[EXERCISE GOAL]: Write out exactly the lines below starting at the one containing "But let us start" and ending at the one containing "This video is". Omit every picture.

[TASK INPUTS]:
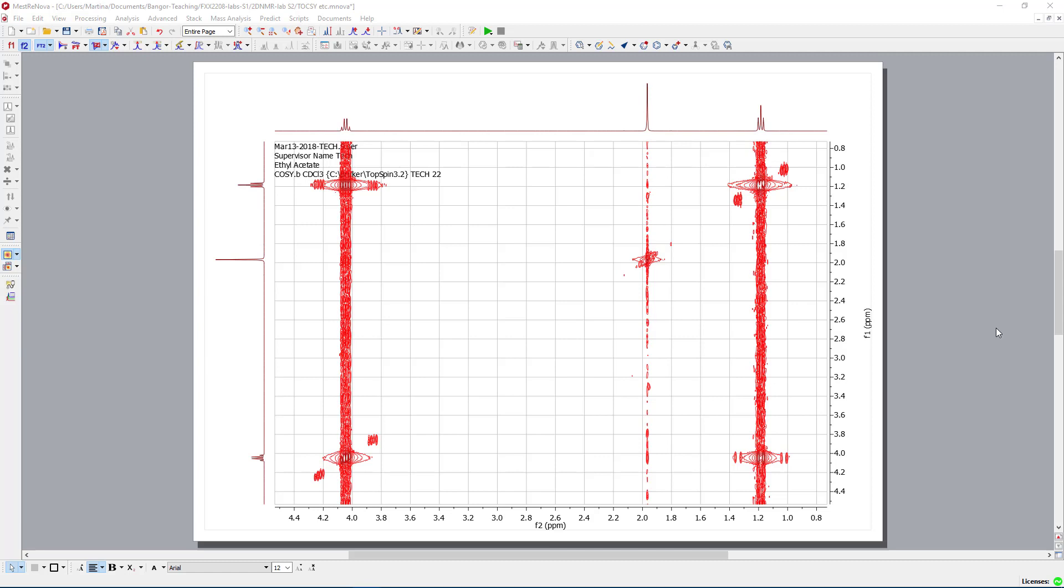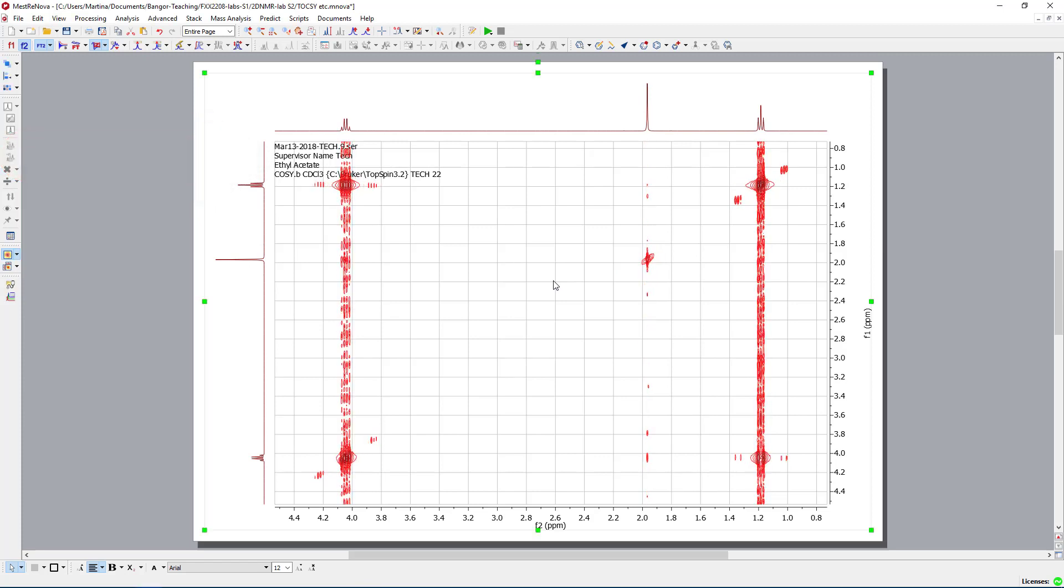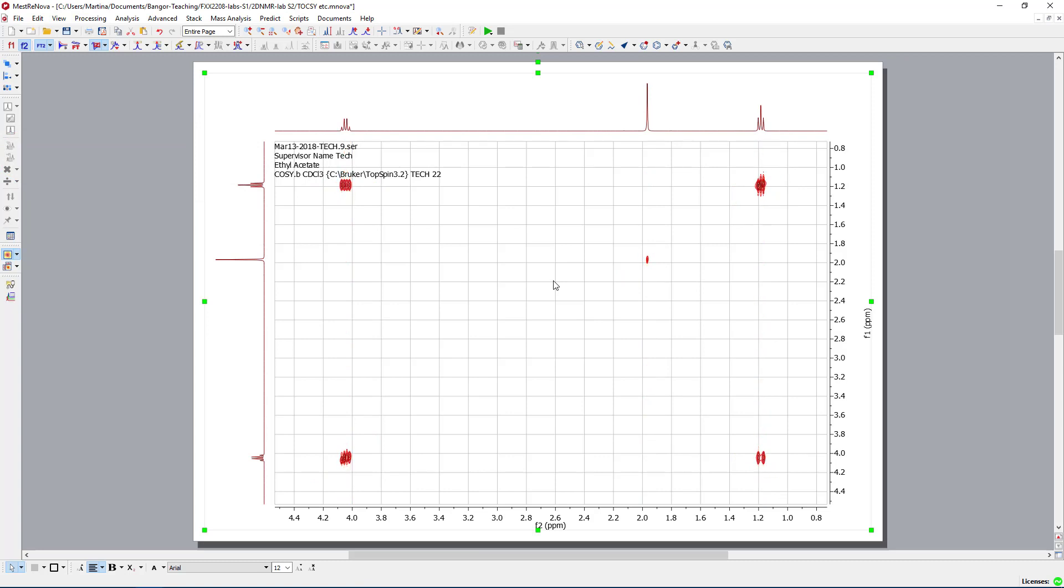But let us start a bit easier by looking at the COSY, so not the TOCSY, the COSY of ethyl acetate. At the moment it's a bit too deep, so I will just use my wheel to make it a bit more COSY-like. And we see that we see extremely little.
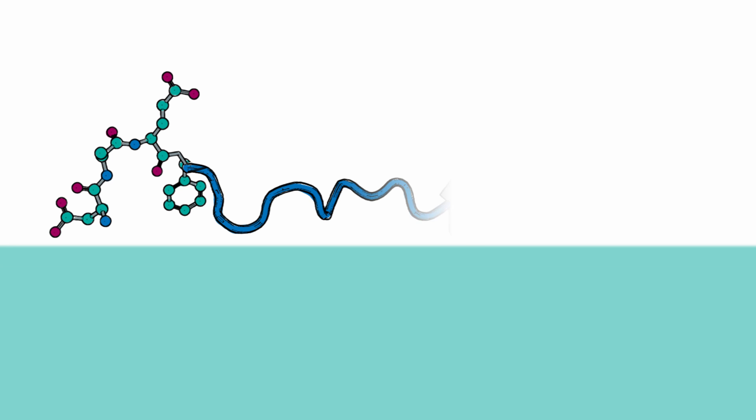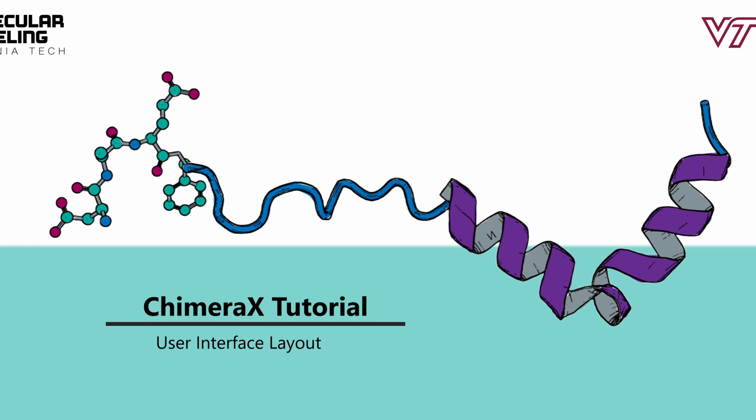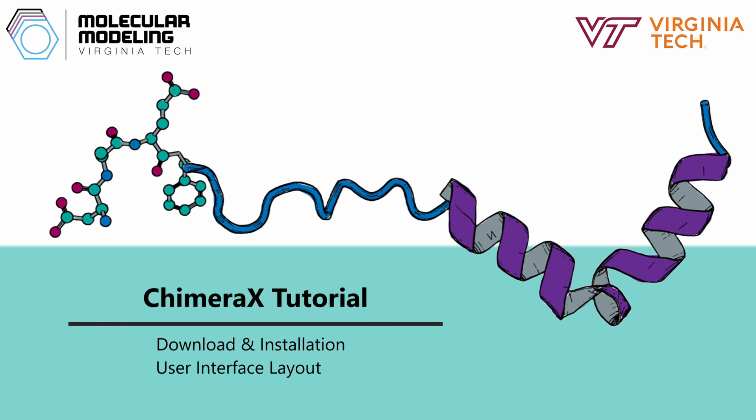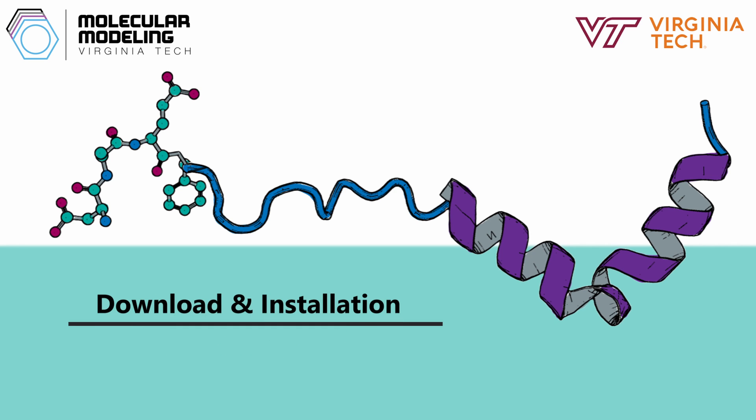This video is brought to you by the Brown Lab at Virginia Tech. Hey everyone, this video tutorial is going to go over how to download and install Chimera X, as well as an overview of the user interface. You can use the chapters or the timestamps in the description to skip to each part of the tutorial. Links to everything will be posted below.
==
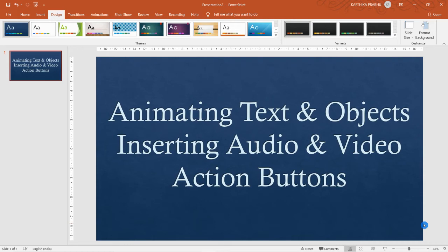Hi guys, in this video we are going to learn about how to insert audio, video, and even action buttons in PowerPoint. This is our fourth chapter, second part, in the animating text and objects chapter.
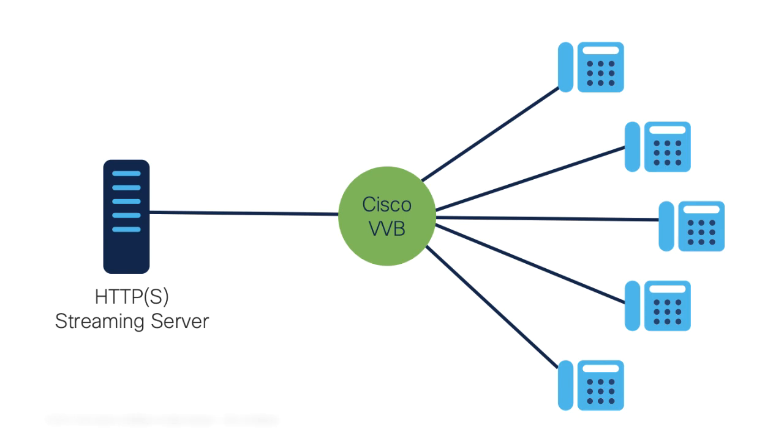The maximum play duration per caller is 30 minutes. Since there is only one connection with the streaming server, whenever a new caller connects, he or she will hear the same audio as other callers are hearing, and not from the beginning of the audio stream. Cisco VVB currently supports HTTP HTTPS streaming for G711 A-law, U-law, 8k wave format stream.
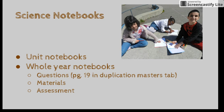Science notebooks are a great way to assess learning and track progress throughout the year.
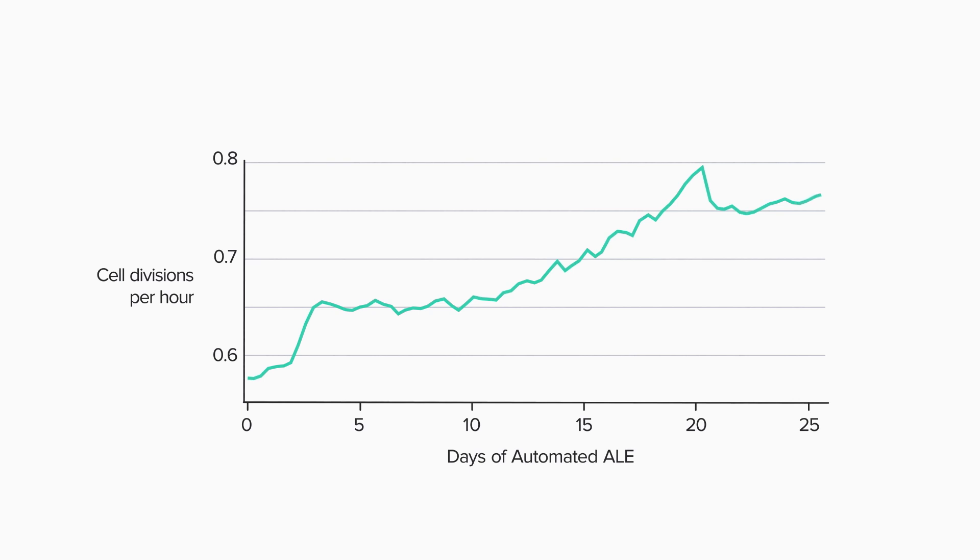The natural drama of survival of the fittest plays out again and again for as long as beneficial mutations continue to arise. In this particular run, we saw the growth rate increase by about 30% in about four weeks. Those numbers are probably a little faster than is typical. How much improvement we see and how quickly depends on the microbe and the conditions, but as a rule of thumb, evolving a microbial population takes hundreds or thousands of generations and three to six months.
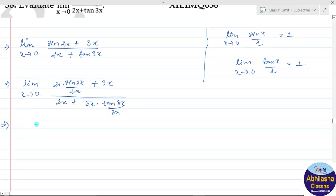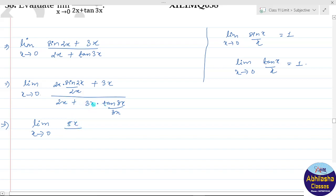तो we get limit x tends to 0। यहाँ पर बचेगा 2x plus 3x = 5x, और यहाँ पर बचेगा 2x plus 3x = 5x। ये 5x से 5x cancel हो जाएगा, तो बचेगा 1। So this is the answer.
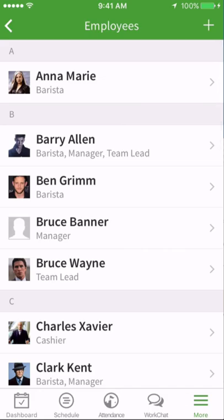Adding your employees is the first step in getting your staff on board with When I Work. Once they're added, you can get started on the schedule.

[EXERCISE RESPONSE]:
But let us start a bit easier by looking at the COSY, so not the TOCSY, the COSY of ethyl acetate. At the moment it's a bit too deep, so I will just use my wheel to make it a bit more COSY-like. And we see that we see extremely little.
This video is brought to you by the Brown Lab at Virginia Tech. Hey everyone, this video tutorial is going to go over how to download and install Chimera X, as well as an overview of the user interface. You can use the chapters or the timestamps in the description to skip to each part of the tutorial. Links to everything will be posted below.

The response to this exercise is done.